**Try it:** Give the data again exactly as written, skipping any pictures.

**Collected material:**
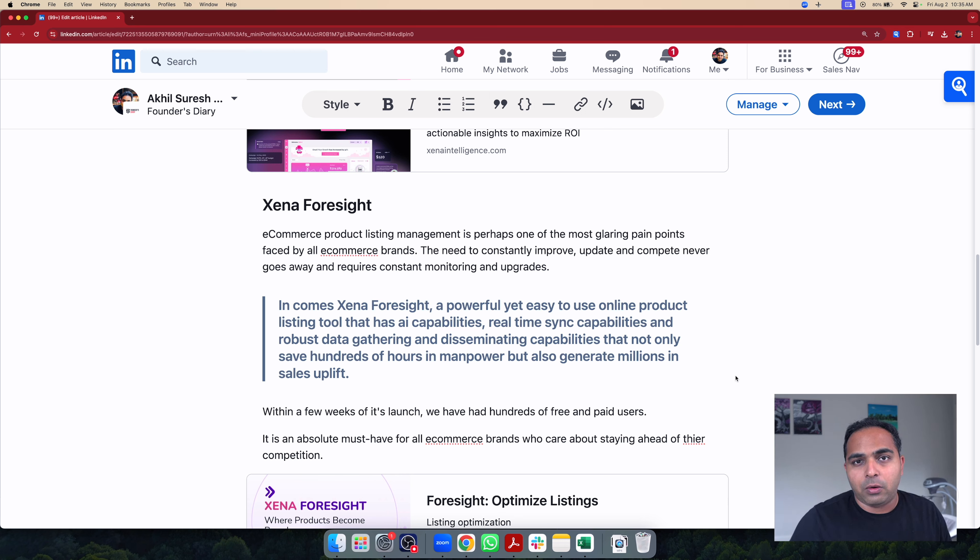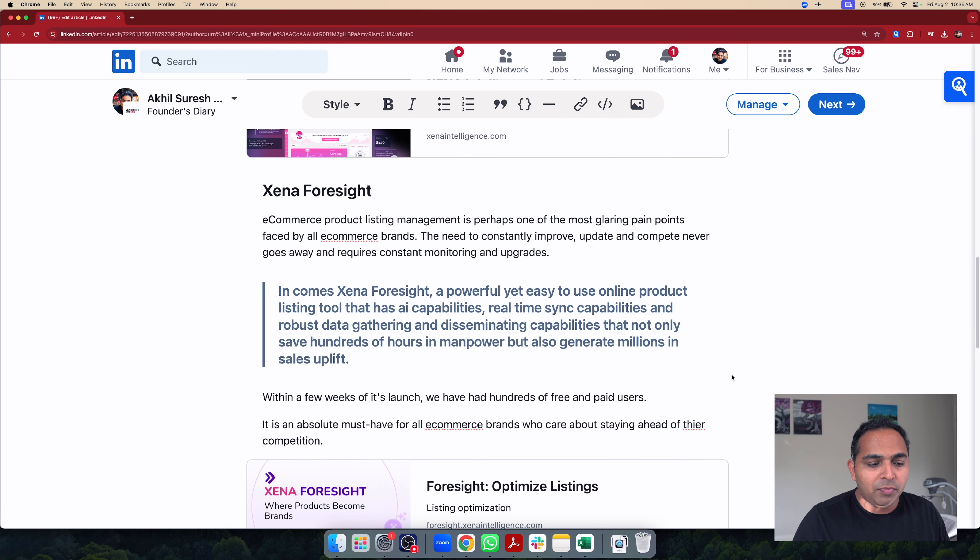Amazon has also recently announced the launching of a similar feature — not a service — where they have taken the liberty to use AI to improve product listings to enhance customer experience. This goes to show how important it is to correctly and accurately portray your product in the best possible way on an e-commerce platform. That is where Xena Foresight comes into the picture. It also solves other pain points that e-commerce brand managers face, including image management and keyword research, which takes a lot of time, money, and expertise. But thanks to Xena Foresight, everything can be done together.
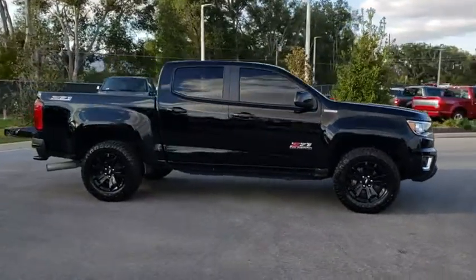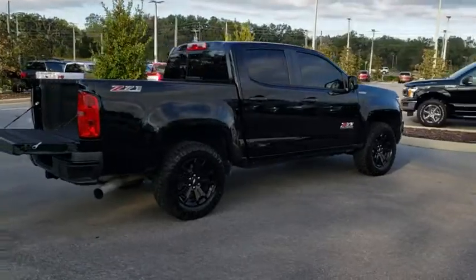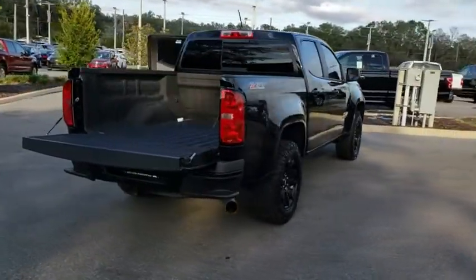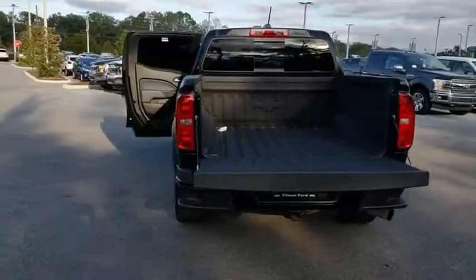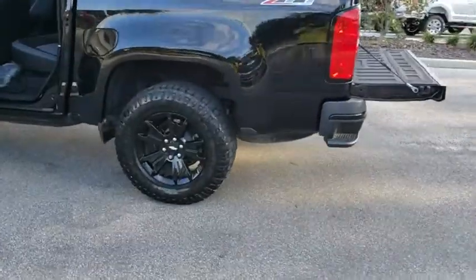A 2016 Chevrolet Colorado. Great hauling capability, powerful, rugged, and a great Chevy price — Colorado is it. This vehicle has less than 30,000 miles. Here are some of this vehicle's great options.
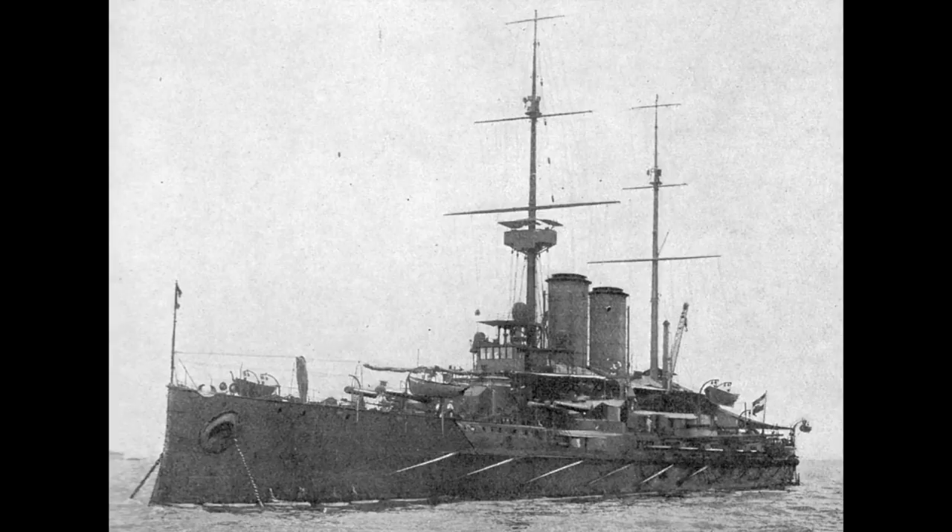The Radetzky class was the last Austro-Hungarian pre-dreadnought class to be built, and falls into the category of other classes such as the Lord Nelsons and Dantons in being so-called semi-dreadnoughts, showing a clear advance over previous designs, but not reaching the all-big-gun layout of true dreadnoughts.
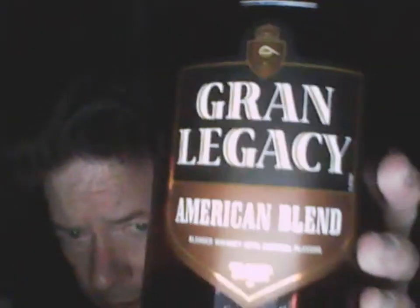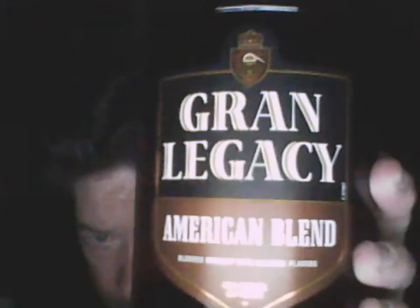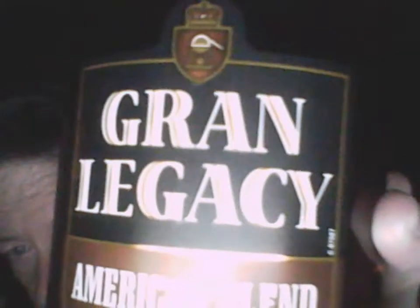Now here is one that you can still buy, still in production. The club whiskey's gone — I see it at a Chinese restaurant here, one bottle, but it's no longer produced. You might find an old bottle somewhere. American blend, Grand Legacy. Blended whiskey with natural flavors — pretty much all American blended whiskeys have natural flavors. It's like when they say aged in oak; they're all aged in oak, so it's just a redundant statement. Bottled by the Legacy Distilling Company, Louisville, Kentucky. Notice it doesn't say produced by or blended by — it simply says bottled by.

**Reply:**
Amazon has also recently announced the launching of a similar feature — not a service — where they have taken the liberty to use AI to improve product listings to enhance customer experience. This goes to show how important it is to correctly and accurately portray your product in the best possible way on an e-commerce platform. That is where Xena Foresight comes into the picture. It also solves other pain points that e-commerce brand managers face, including image management and keyword research, which takes a lot of time, money, and expertise. But thanks to Xena Foresight, everything can be done together.
A 2016 Chevrolet Colorado. Great hauling capability, powerful, rugged, and a great Chevy price — Colorado is it. This vehicle has less than 30,000 miles. Here are some of this vehicle's great options.
The Radetzky class was the last Austro-Hungarian pre-dreadnought class to be built, and falls into the category of other classes such as the Lord Nelsons and Dantons in being so-called semi-dreadnoughts, showing a clear advance over previous designs, but not reaching the all-big-gun layout of true dreadnoughts.
Now here is one that you can still buy, still in production. The club whiskey's gone — I see it at a Chinese restaurant here, one bottle, but it's no longer produced. You might find an old bottle somewhere. American blend, Grand Legacy. Blended whiskey with natural flavors — pretty much all American blended whiskeys have natural flavors. It's like when they say aged in oak; they're all aged in oak, so it's just a redundant statement. Bottled by the Legacy Distilling Company, Louisville, Kentucky. Notice it doesn't say produced by or blended by — it simply says bottled by.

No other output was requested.